Submit manuscript...
MOJ
eISSN: 2573-2935

Addiction Medicine & Therapy

Opinion Volume 6 Issue 1

Model for a sustainable future for alcohol and drugs in the UK

Jeff Fernandez

Camden & Islington Mental Health trust, UK

Correspondence: Jeff Fernandez, Camden & Islington Mental Health trust, 4 Elmfield Road Walthamstow London E17 7HH,UK

Received: December 19, 2018 | Published: January 17, 2019

Citation: Fernandez J. Model for a sustainable future for alcohol and drugs in the UK. MOJ Addict Med Ther. 2019;6(1):34-35. DOI: 10.15406/mojamt.2019.06.00143

Download PDF

Keywords

alcohol, drugs, clinical structure, substance misuse, NHS budget, public health

Introduction

In the economic light of austerity and its prolonged use in reducing public spending, substance misuse services have been completely re-structured in some areas of the country with the NHS and its professionals of doctors and nurses being streamlined into more economical structures. This can be seen are a weakening of the clinical structure of services which compromises service provision, and its service users and patients. There must be a better way of thinking around this issue.

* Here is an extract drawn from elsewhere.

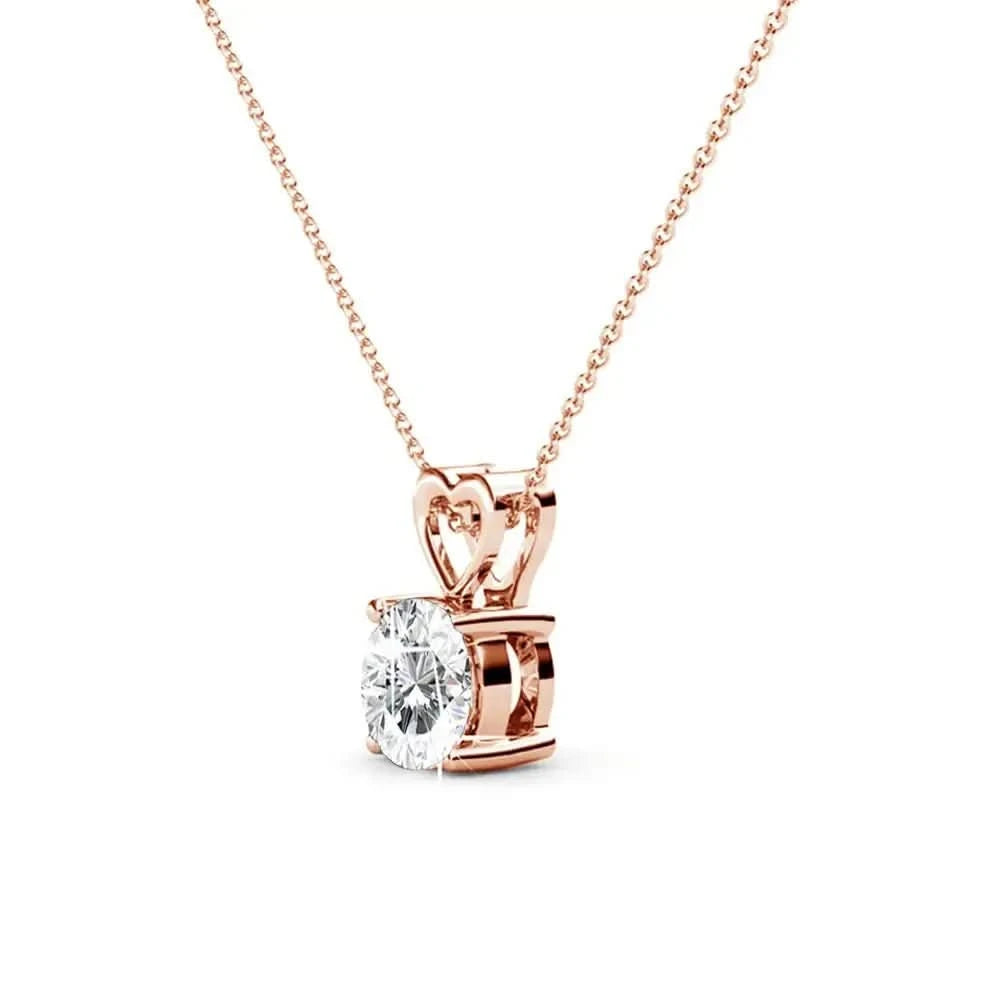 Дамско колие с австрийски кристал 18К покритие бяло злато – by Crystal Pro Jewellery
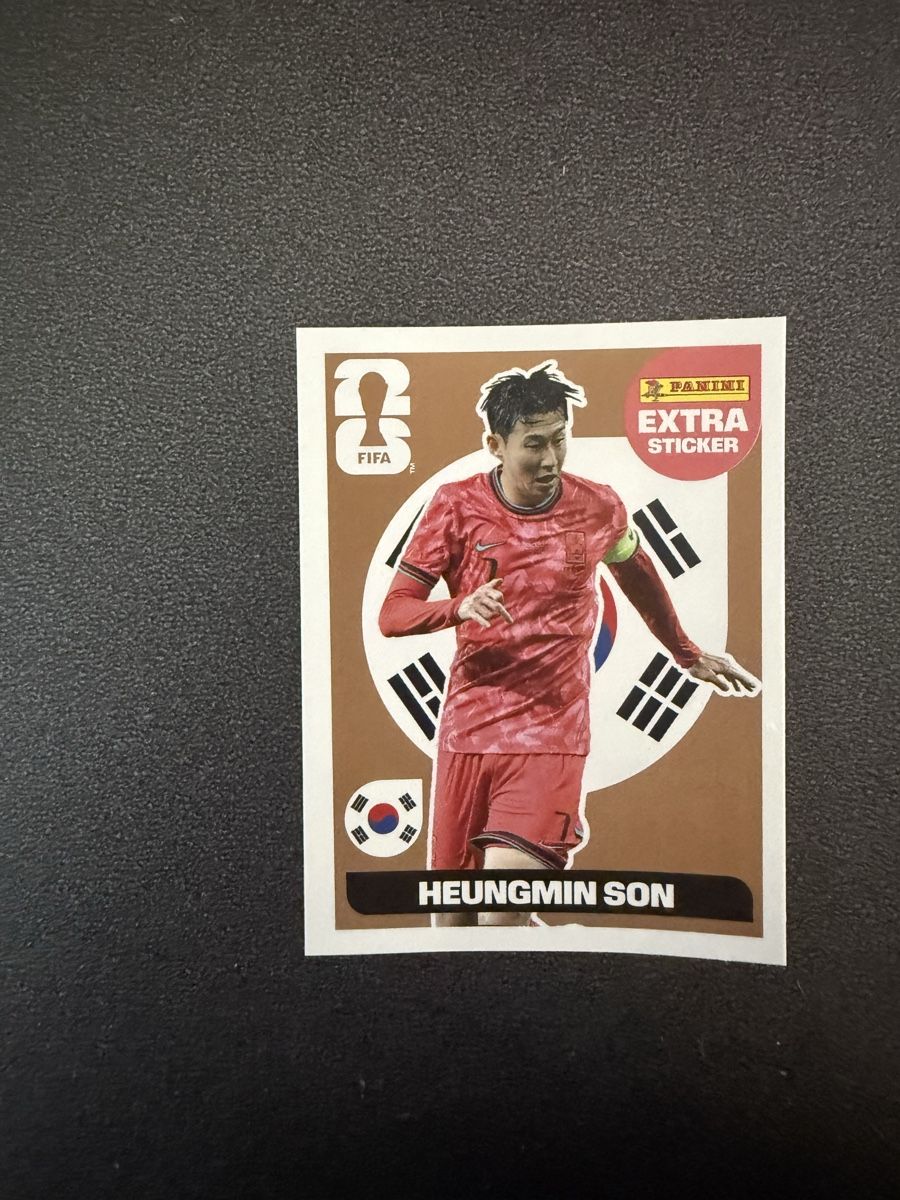Panini Sammelbilder & Trading cards: Panini FIFA World Cup Heungmin Son Sticker – Neu und originalverpackt aus Maienfeld von Marija123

Also the movement of the budget for drug and alcohol service provision has been moved from the NHS budget to the Public health budgets that sit with the local councils. This has led to the large scale reductions in the budget for this service and drug and alcohol services have been depleted mainly in primary care. This does need to be challenged as this has had a negative impact on services and forced them into constant re-structuring exercises that are timely impacts on services negatively.

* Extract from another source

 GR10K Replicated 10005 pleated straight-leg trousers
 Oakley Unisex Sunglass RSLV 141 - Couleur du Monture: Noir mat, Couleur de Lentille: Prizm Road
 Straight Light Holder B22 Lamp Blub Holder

However, currently primary care should not be the area that suffers the cuts in drug and alcohol findings but can be seen as the solution to it. Hence this piece which is based on an ‘opinion piece’ arguing for a re-thinking of service provision where clinical structures and staff are retained. It suggests that along with the sustainable transformation plans that primary care should be an integral part of health care and for substance misuse. This is for alcohol and drug treatment. Nursing has been a role that has diminished in nearly all drug services across the country. The main reason being that it is seen as an expensive resource and in difficult economic climates having nurse led teams could not be sustained. I am arguing that it can with primary care being where the majority of nursing staff should be concentrated in substance misuse. This is argued from the initial perspective of political economy but suggests that a wider role for nurses in substance misuse is economically viable.

Political economy

Political economy is the study of how political or strong social outlooks can affect and shape the economy in terms of output and design. Political economy explains for example how the Japanese economy had a strategy of learning and updating the innovative thinking of the West to push through their own dominant economy in cars and electrical goods that dominated the world in the 1970’s and 1980’s. What is needed this paper argues it an outline of thinking of how the political and economic outlook can shape the delivery of drug provision in England. This has been recently in England, dominated with the politics of austerity. Hence through this economic outlook England has tried to balance its trade deficit with cuts in public expenditure and a rise in taxation.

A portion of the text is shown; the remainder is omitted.